0
votes

I've been using a SSIS Integration component to download data from Google Analytics in order to keep an historical view of some websites and track the evolution of them. Basically the metrics we track are Visits (now Sessions) and Visitros (now Users), and the dimensions are Year and Month. However, today I noticed that the data I downloaded for july had a variation on the Users metric. I heard that google analytics uses an estimation method to "calculate" some (if not all) of their metrics, could it be that after that they "adjust" the data with more acurate information? If so, is this mentioned in the documentation? (a link would be highly appreciated) Since the users are complaining that we are not delivering the real GA Data.

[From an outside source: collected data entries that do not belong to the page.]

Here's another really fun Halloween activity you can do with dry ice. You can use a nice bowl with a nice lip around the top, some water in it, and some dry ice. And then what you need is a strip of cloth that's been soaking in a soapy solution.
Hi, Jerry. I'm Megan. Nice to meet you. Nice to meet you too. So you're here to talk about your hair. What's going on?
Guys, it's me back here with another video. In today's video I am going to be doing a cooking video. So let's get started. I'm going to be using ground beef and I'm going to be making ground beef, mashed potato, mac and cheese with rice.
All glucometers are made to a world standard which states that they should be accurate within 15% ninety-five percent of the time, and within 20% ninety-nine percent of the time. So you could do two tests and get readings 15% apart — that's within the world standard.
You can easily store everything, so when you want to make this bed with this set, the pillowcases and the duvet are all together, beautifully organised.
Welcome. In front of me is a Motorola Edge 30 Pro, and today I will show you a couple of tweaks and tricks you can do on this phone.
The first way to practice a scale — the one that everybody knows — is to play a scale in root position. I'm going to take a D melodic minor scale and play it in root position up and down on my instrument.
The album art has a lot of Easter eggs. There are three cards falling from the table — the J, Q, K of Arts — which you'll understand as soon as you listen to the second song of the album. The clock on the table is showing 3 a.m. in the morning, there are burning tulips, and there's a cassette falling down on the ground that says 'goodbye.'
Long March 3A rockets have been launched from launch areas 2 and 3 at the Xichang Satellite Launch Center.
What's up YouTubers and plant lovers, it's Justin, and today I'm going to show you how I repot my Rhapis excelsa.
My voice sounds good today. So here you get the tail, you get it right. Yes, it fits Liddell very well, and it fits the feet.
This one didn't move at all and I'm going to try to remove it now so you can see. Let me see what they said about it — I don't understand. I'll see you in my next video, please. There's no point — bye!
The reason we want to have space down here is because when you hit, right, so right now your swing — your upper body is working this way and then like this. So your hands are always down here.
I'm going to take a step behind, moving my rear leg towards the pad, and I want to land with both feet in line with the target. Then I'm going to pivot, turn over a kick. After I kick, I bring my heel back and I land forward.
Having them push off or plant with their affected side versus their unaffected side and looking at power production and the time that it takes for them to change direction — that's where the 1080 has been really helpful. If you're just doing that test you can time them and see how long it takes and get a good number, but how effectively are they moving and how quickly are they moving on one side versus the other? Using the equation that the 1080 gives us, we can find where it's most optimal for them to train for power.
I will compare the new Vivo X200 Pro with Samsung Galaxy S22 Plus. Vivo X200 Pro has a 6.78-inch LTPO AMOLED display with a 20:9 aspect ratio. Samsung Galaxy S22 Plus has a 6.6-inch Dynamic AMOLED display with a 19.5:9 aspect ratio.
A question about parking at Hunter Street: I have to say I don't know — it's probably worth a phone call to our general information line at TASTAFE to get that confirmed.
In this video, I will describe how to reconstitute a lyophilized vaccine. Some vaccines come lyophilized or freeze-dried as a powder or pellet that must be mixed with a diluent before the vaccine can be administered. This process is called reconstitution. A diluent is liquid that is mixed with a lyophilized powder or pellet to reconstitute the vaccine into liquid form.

I tried looked on the Google analytics documentation page with no luck.

Thanks for your time.

PS: Sorry for my english, it isn“t my native language

2
1. Depending upon when you down load the data it can take time for it to finish processing. Up to 48 hours. 2. Depending upon how much data you are extracting your data could be sampled. 3. Whos SSIS task are you using? - DaImTo
Hello, thanks for your answer, im using a ssis task from this page ssis-components.net. However before using it i validated that the data i download its the same as the one showed on the google analytics platform. I Run my extracction task every 1st day of the month at 3 am - OcR
You should contact them, sounds like your data is sampled or something. Try running again for July now and see if it still returns incorrect data. Or try running this ga-dev-tools.appspot.com/explorer it will at least show you what numbers your SSIS task should be returning. - DaImTo

2 Answers

0
votes

If you are using the standard version of Google Analytics (you'll know if you are paying $150k for premium), data is sampled depending on volume. Have a read of this article can-you-trust-your-google-analytics-data

I have seen very slightly differing results being returned if you repeatedly call the api with the same historical parameters repeatedly. In my case the figures only differed by 1-2 over a daily set of several thousand, but nevertheless it differed.

If you want to guarantee your results, consider upgrading to premium

0
votes

Sampling could be an issue if what you are requesting is over 50,000 rows for the time period you are requesting. To avoid it you can download more often, such as daily.

But I think your issue is that there is a processing time for Google Analytics - if you are downloading at 3 am on the 1st it is probable that the processing for the previous day has not finished.

Google Analytics Premium SLA is for 4 hour data freshness, so even that would have trouble. Pragmatically you should allow 24 hours before you download data for the previous day, 48 hours for e-commerce data.

Thirdly make sure it is not Unique Visitors you are requesting, as this is dependent on the time period you are requesting.